• [REQUIREMENT]:
Type the data below again exactly. Omit all pictures.

Segment Start: DATA PROVIDED

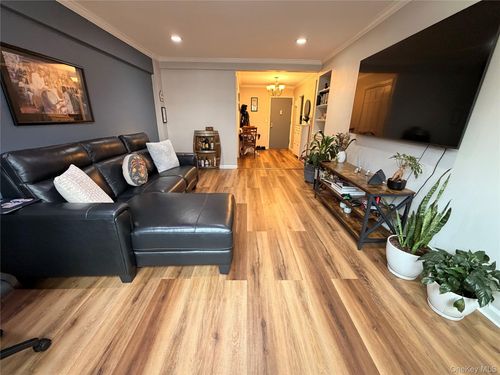 apt-1o-7311 210th St, Oakland Gardens, NY, 11364-2809 | Card Image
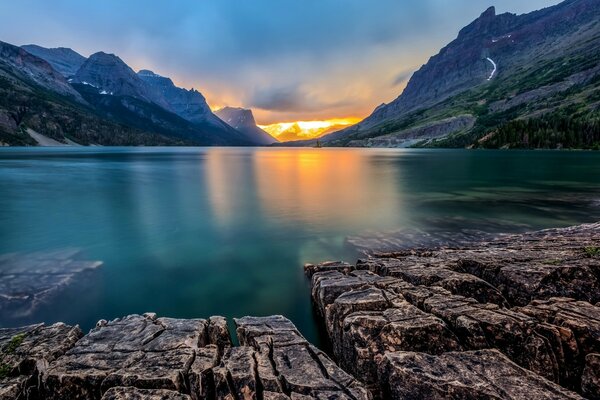 Schickes Wasser an den Steinen inmitten der Berge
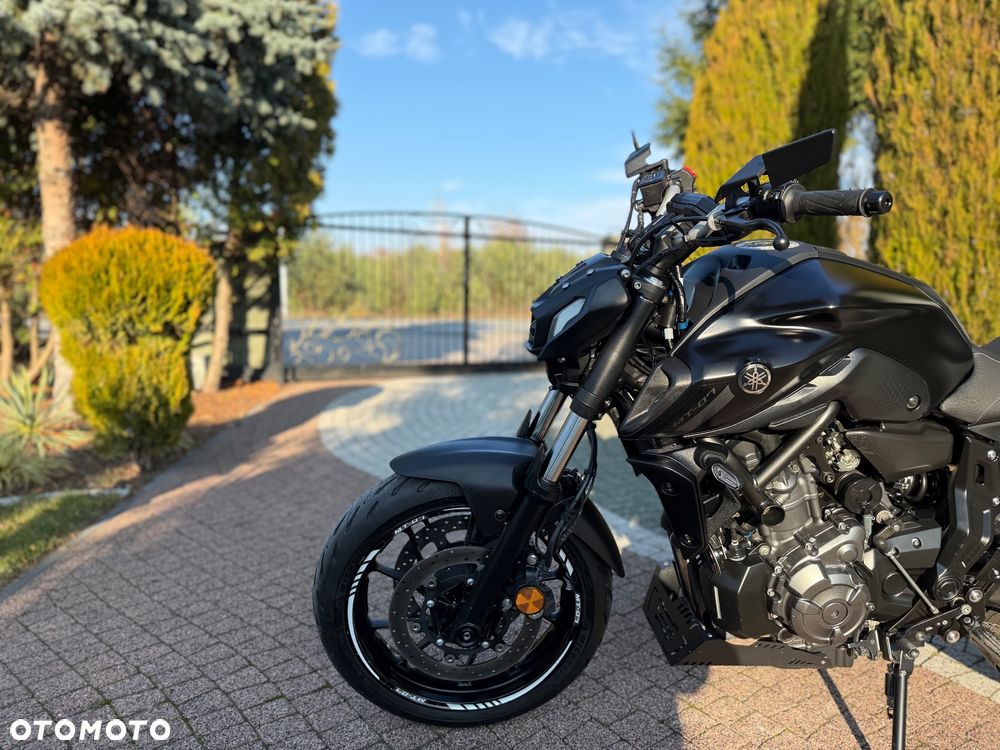Yamaha MT - 27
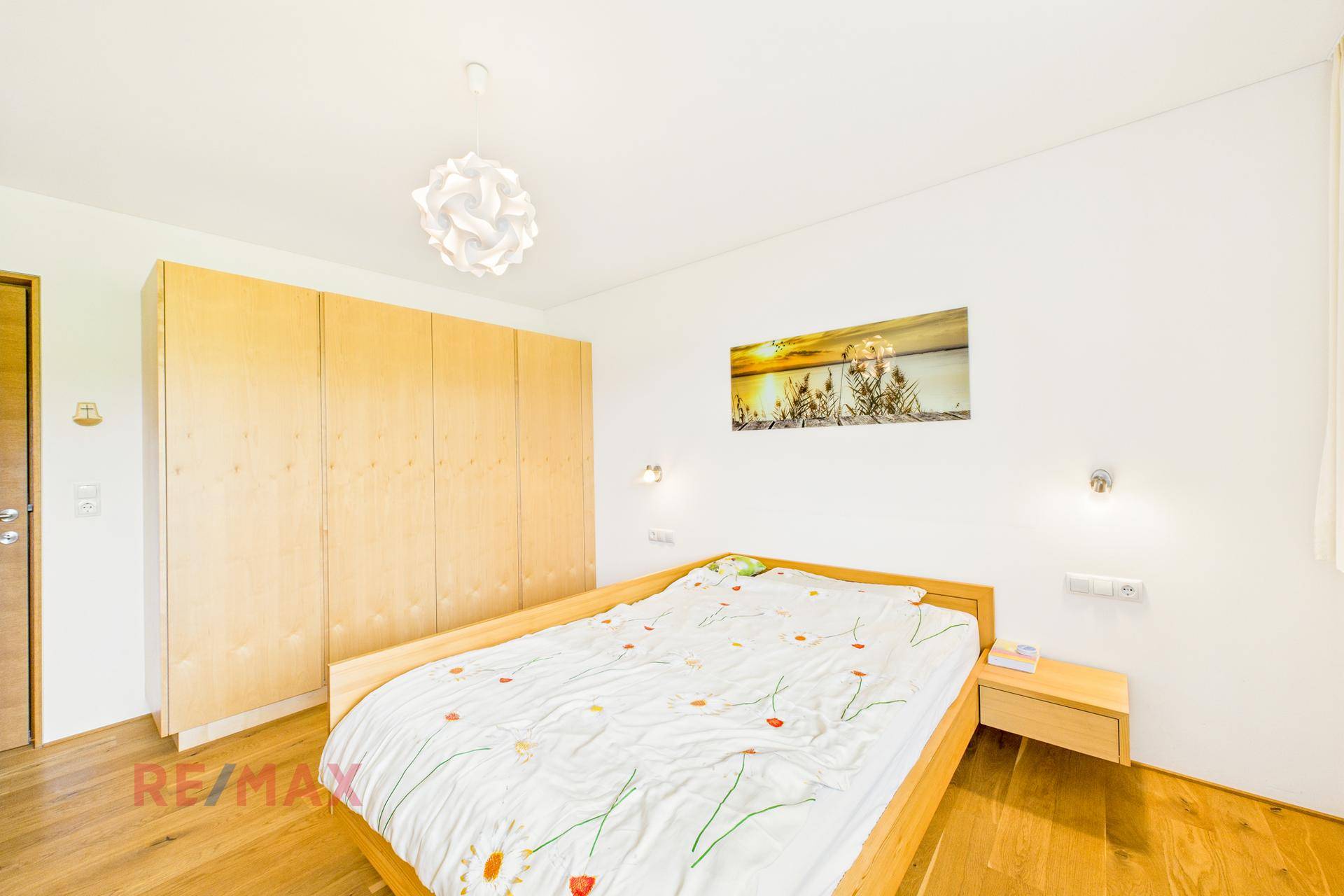 Schlafzimmer Eltern OG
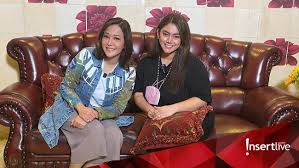 Namanya mulai dikenal sejak membintangi sinetron putri. Kxobwpwsvjoiem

Segment End: DATA PROVIDED

• [EXERCISE RESULT]:
 apt-1o-7311 210th St, Oakland Gardens, NY, 11364-2809 | Card Image
 Schickes Wasser an den Steinen inmitten der Berge
Yamaha MT - 27
 Schlafzimmer Eltern OG
 Namanya mulai dikenal sejak membintangi sinetron putri. Kxobwpwsvjoiem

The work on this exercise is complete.